In his two starts in Seattle, quarterback Colin Kaepernick combined to go 32-of-64 passing with 371 yards, one touchdown and four interceptions. The Seahawks found success against him by getting him out of his comfort zone.

For starters, the Seahawks opened up big early leads, and facing a deficit is not where the 49ers want to be. San Francisco wants to win games by running the ball and playing great defense. That is not exactly feasible when falling behind early.

Those leads were easy for the Seahawks to open up because they have swallowed the 49ers offense. Playing effective press coverage, Kaepernick is forced to show patience and the ability to go through his reads. The youngster still struggles in these areas, and his receivers haven't been getting open to help him out.
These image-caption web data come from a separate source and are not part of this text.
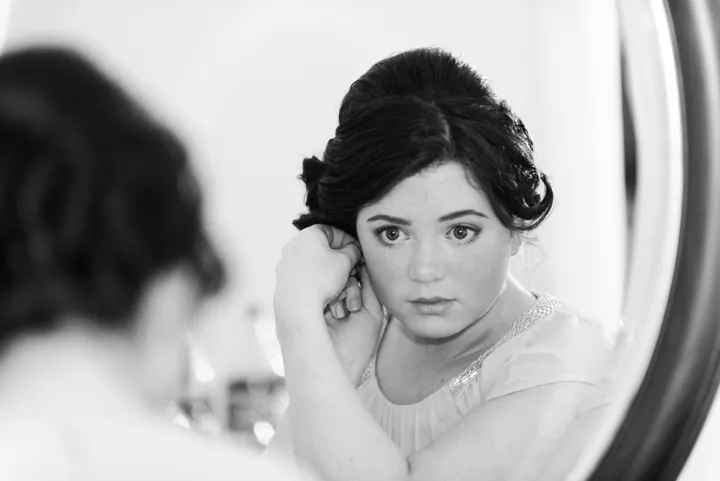 bridesmaid looking in mirror at St Pierre by Andrew Hazard Photography
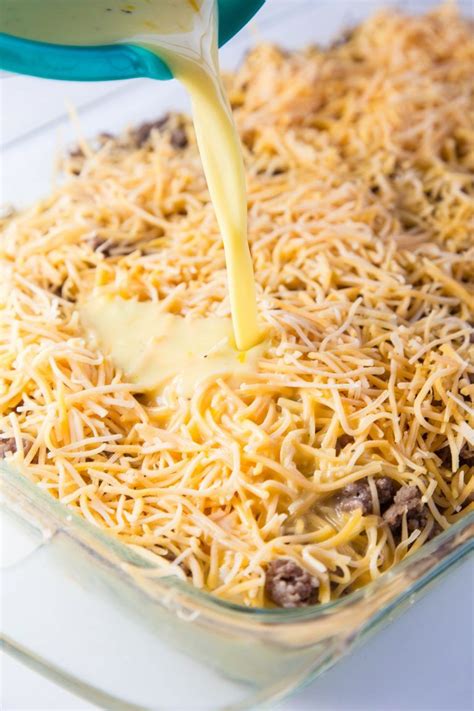 Drop an egg into each hole. Overnight Cheesy Sausage and Hashbrown Breakfast Casserole Recip… | Hashbrown breakfast ...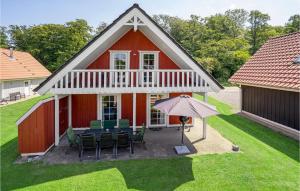 a red barn with chairs and an umbrella at Stunning Home In Grsten With Sauna in Gråsten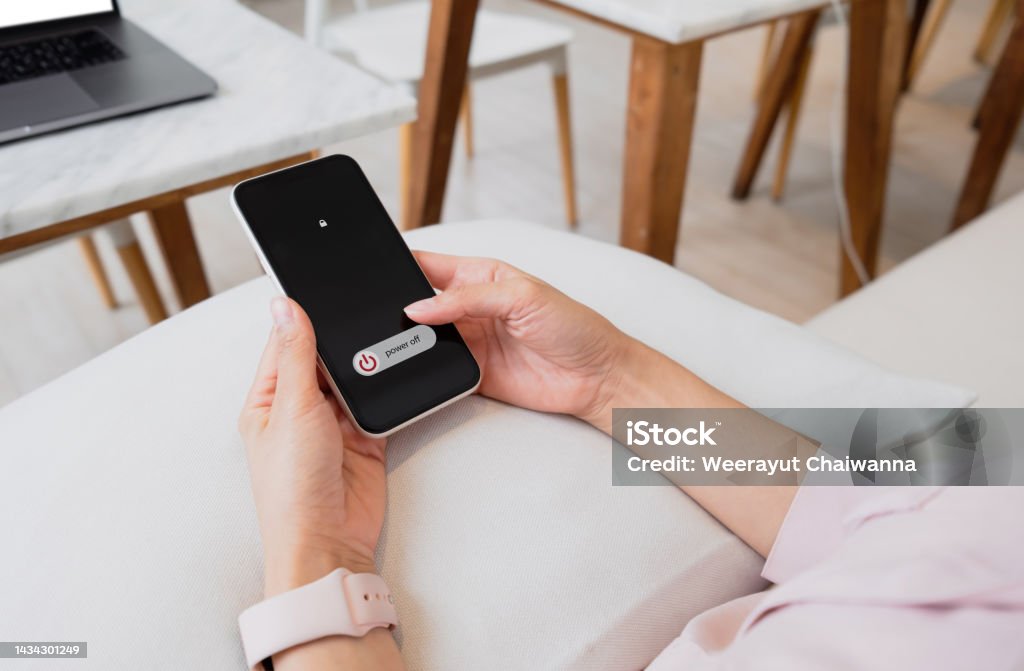 Woman hand using is sliding to turn off the mobile phone to reduce power consumption. Technology and environment concept Turning On Or Off Stock Photo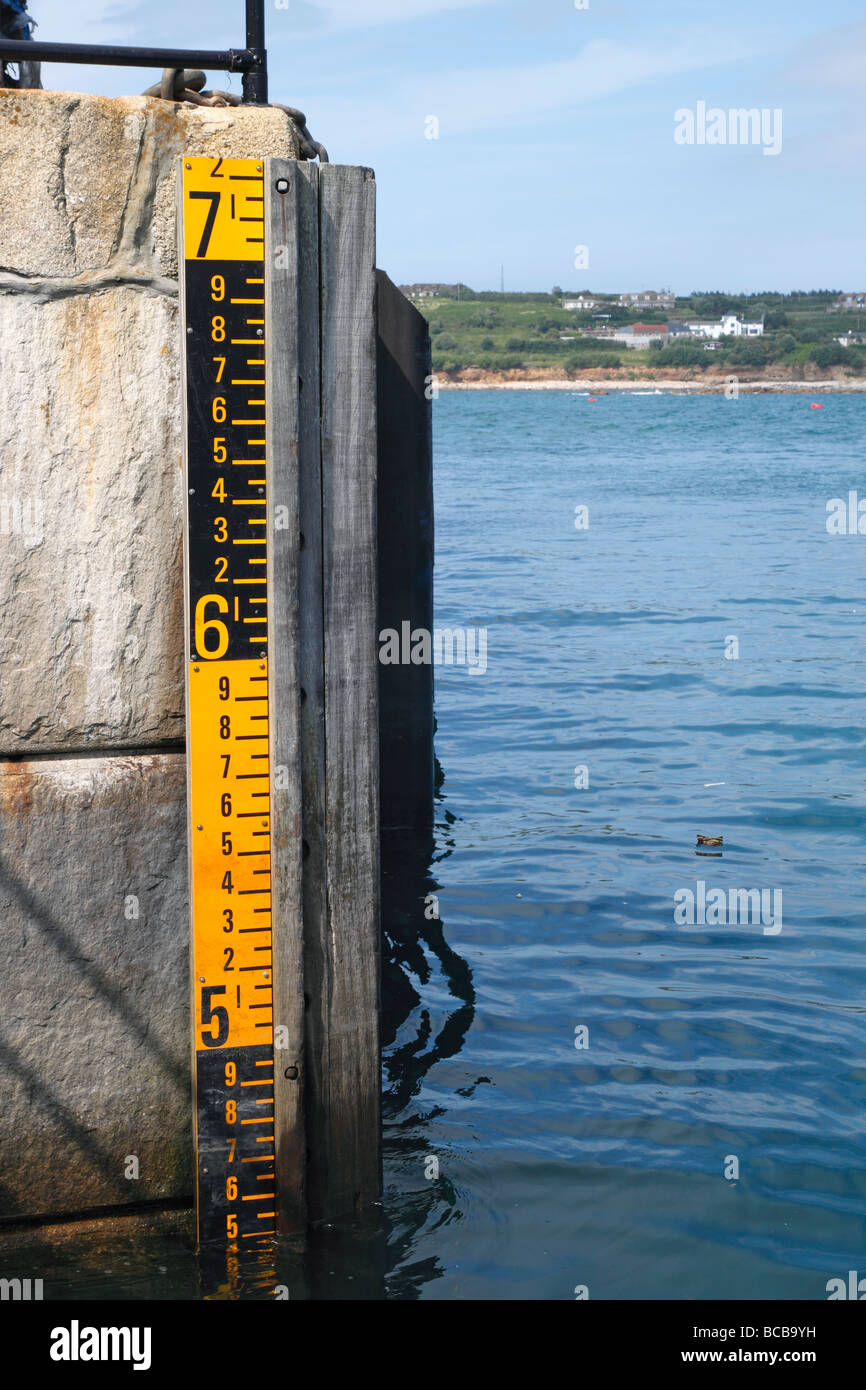 Sea tide depth measure on the quay in St. Mary's Isles of Scilly Stock  Photo - Alamy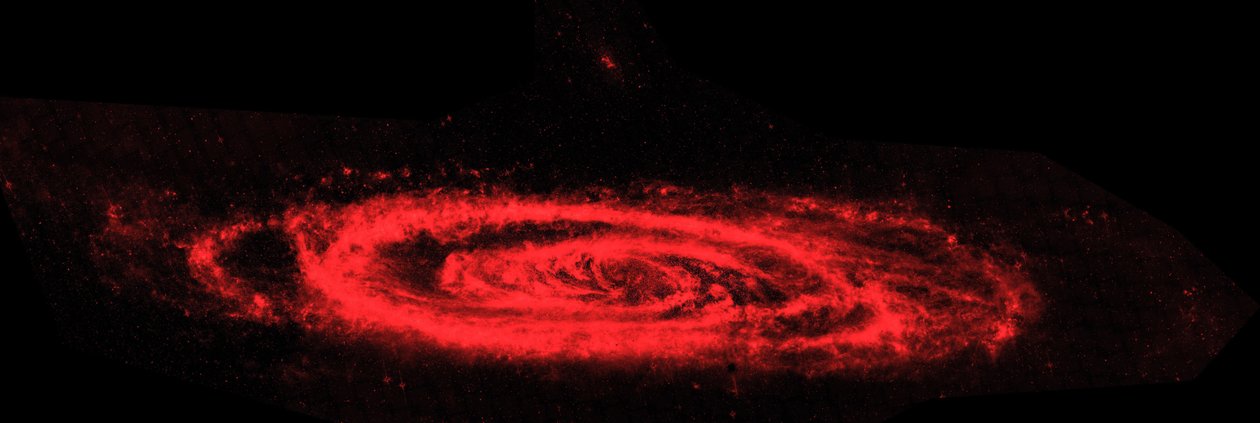 Spitzer Space Telescope infraröda sammansatta bilder hur Andromeda galaxen. Huvudbilden framhäver kontrasten mellan galaxens hackiga vågor av damm (röd) och släta hav av äldre stjärnor. Kredit NASA av National Aeronautics and Space Administration National Aeronautics and Space Administration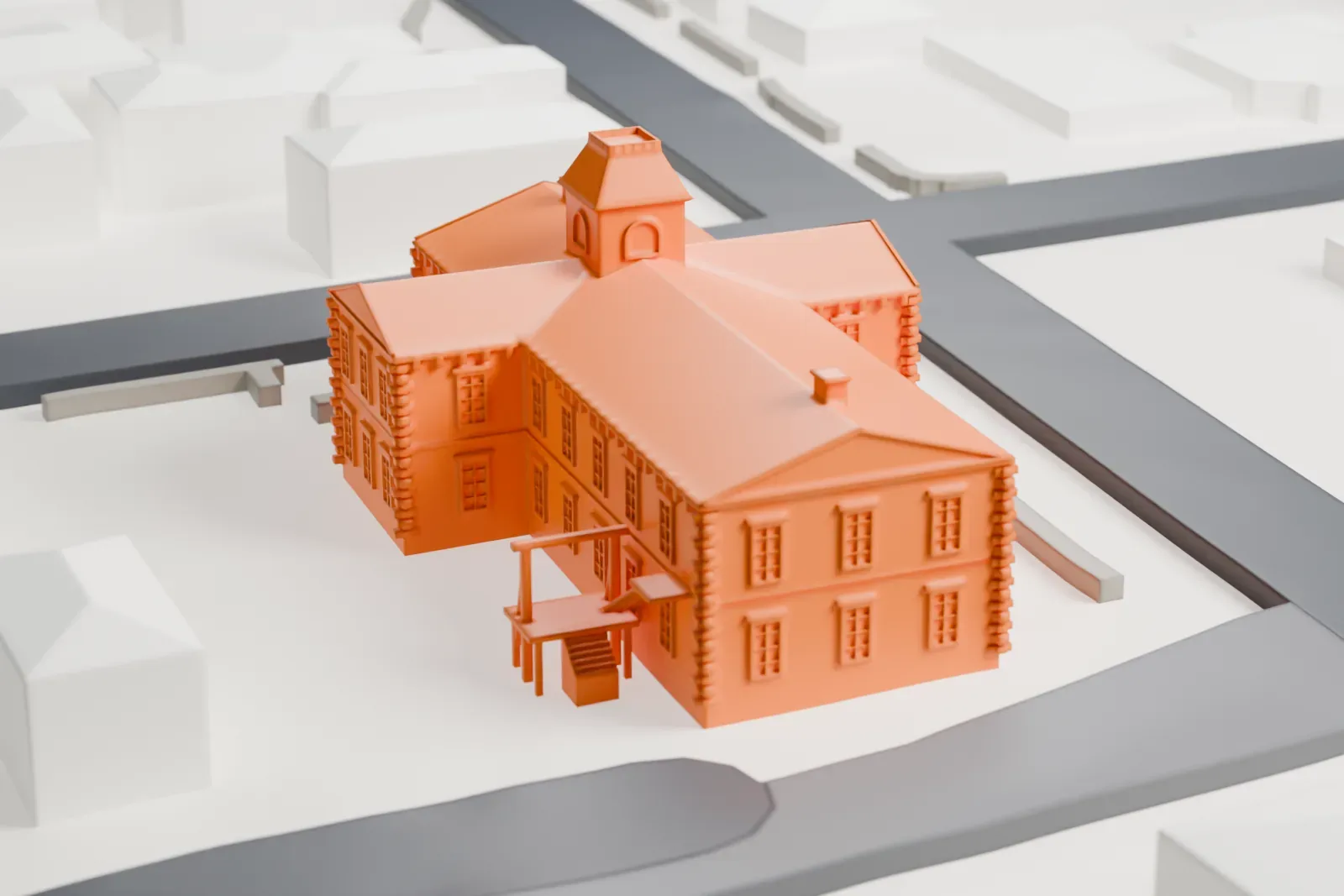 A white 3D print of Tombstone Courthouse, a cross-shaped brick building with a small cupola and a pedimented porch, standing on an open lot with streets and low buildings around it.
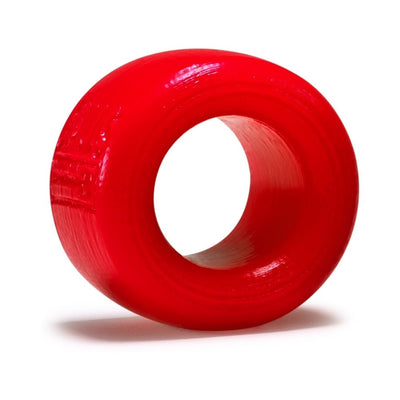 Small red silicone ballstretcher ring with smooth finish and rounded edges.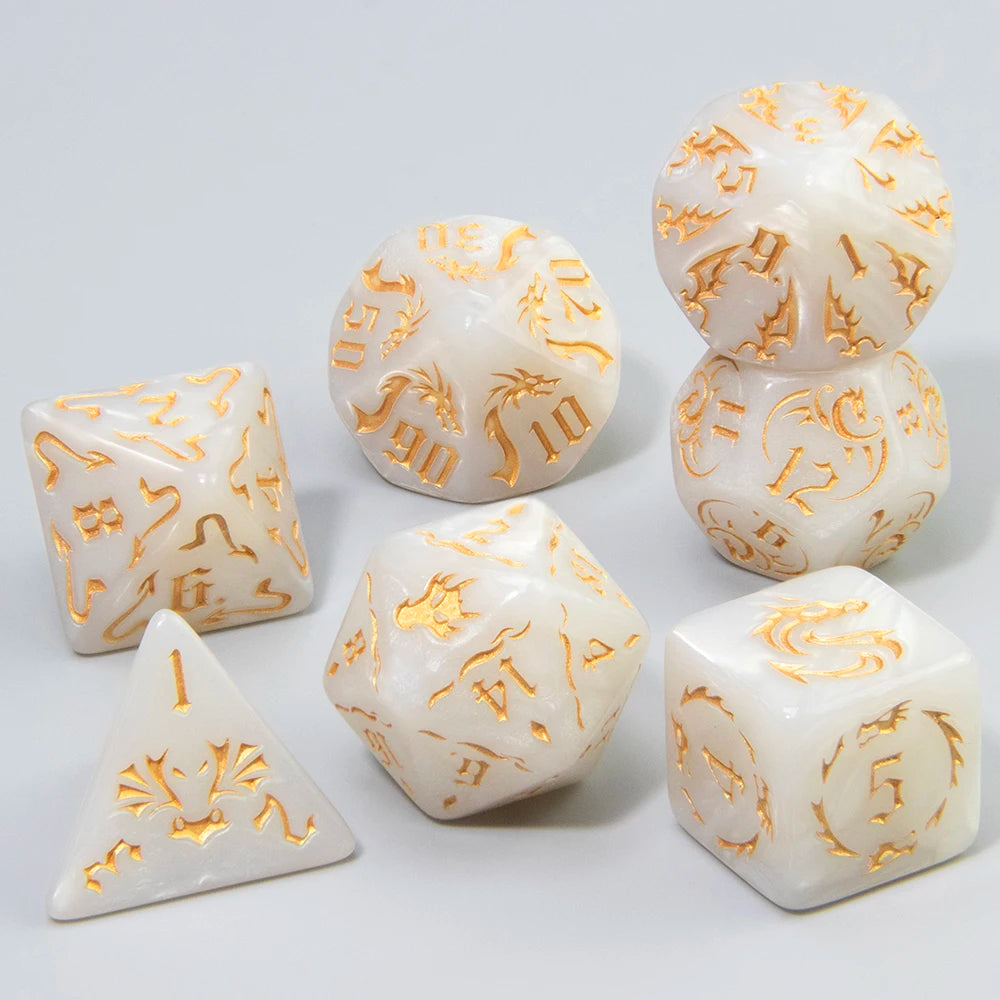 A set of white marble polyhedral dice featuring an ornate gold dragon pattern.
Things will be different this time around. This will be Kaepernick's first start in Seattle when he's had the services of both wide receivers Michael Crabtree and Anquan Boldin.

Last week, the 49ers took the lead on the Carolina Panthers right before halftime on a 12-play, 80-yard drive that sparked the offense. In that drive, Kaepernick opened up the drive by going to either Boldin or Crabtree on five of the first eight plays. The other three went to running back Frank Gore.

The Seahawks will not be able to roll coverage over to either receiver given the 49ers increased weapons. 

When the 49ers beat the Seahawks in San Francisco in Week 14, both Boldin and Crabtree were on the field, and it made a big difference. It isn't all that evident in Kaepernick's stat line. He finished 15-of-29 for 175 yards, one touchdown and one interception. 

The difference is really seen in the rushing stats. San Francisco rushed for 163 yards at an average of 4.9 yards per carry. Now, a lot of that came about on one 51-yard run by Frank Gore, but that is the kind of result that will happen when defenses are more spread out to slow down options in the passing game.

With both Crabtree and Boldin on the field, the 49ers have more offensive balance. That is vital against the tough defense of the Seahawks.

Meanwhile, the Seahawks are losing any balance they had.

By now, it is no secret that quarterback Russell Wilson is slumping. Over his last five starts, he's posted five of his worst eight starts this season in terms of QBR. On top of that, he struggled against San Francisco in Seattle in Week 2 even though the Seahawks cruised to victory: 

Wilson hasn't enjoyed good pass protection this year, but he's made up for that with his scrambling and playmaking ability. With defenses mixing up their looks and blitzes and spying Wilson, he's had a harder time exploiting defenses by breaking contain and completing easy passes.

The offensive struggles shouldn't fall all on Wilson. He isn't getting a ton of help from an average receiving corps.

Percy Harvin has the ability to help with all of this, but there is no reason to think he will be able to stay on the field, should he even get on it in the first place:

The other thing of note in that tweet from Tom Pelissero of USA Today is Marshawn Lynch's absence from practice. I don't think there is any reason to be concerned over his availability for the game. I'm sure the missed practice is just added rest after the bruising back went for 140 yards on 28 carries while deflecting countless tackle attempts by the New Orleans Saints in the divisional round. 

That was Marshawn Lynch's first time over the century mark in rushing since Week 10.

A lot of that limited production was due to a decreased workload. Lynch didn't have more than 23 carries in any game in that span. This helped the 27-year-old come into the playoffs fresh.

What good is that now, however, after 28 punishing carries?

I don't expect Lynch to come out and fall down at the first sign of contact, but it's hard to believe that Beast Mode will be quite as ferocious as he was last week: 

On top of that, the 49ers installed a new goal-line set that helped them against the power rushing of Carolina and will help them against Seattle:

I expect a close game featuring two outstanding defenses, but when it comes down to it, the 49ers' offense is better prepared to make more plays than the Seahawks, and that will be the difference.